- **What to work on**
What is needed here is an exact transcription of all the entries.

(Brief descriptive captions)
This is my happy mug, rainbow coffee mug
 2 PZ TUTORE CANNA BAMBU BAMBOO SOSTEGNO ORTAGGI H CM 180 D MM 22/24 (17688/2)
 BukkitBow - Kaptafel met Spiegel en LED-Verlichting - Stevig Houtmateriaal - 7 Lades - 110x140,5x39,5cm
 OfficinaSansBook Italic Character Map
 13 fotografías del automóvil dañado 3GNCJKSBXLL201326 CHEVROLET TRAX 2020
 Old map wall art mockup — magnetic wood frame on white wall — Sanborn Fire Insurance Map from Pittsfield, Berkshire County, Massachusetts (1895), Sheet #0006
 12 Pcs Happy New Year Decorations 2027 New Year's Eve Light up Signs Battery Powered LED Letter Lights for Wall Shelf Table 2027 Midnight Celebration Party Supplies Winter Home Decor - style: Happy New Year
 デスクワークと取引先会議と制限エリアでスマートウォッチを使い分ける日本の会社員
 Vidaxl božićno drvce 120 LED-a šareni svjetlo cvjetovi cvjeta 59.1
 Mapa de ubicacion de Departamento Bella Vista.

- **Response**
This is my happy mug, rainbow coffee mug
 2 PZ TUTORE CANNA BAMBU BAMBOO SOSTEGNO ORTAGGI H CM 180 D MM 22/24 (17688/2)
 BukkitBow - Kaptafel met Spiegel en LED-Verlichting - Stevig Houtmateriaal - 7 Lades - 110x140,5x39,5cm
 OfficinaSansBook Italic Character Map
 13 fotografías del automóvil dañado 3GNCJKSBXLL201326 CHEVROLET TRAX 2020
 Old map wall art mockup — magnetic wood frame on white wall — Sanborn Fire Insurance Map from Pittsfield, Berkshire County, Massachusetts (1895), Sheet #0006
 12 Pcs Happy New Year Decorations 2027 New Year's Eve Light up Signs Battery Powered LED Letter Lights for Wall Shelf Table 2027 Midnight Celebration Party Supplies Winter Home Decor - style: Happy New Year
 デスクワークと取引先会議と制限エリアでスマートウォッチを使い分ける日本の会社員
 Vidaxl božićno drvce 120 LED-a šareni svjetlo cvjetovi cvjeta 59.1
 Mapa de ubicacion de Departamento Bella Vista.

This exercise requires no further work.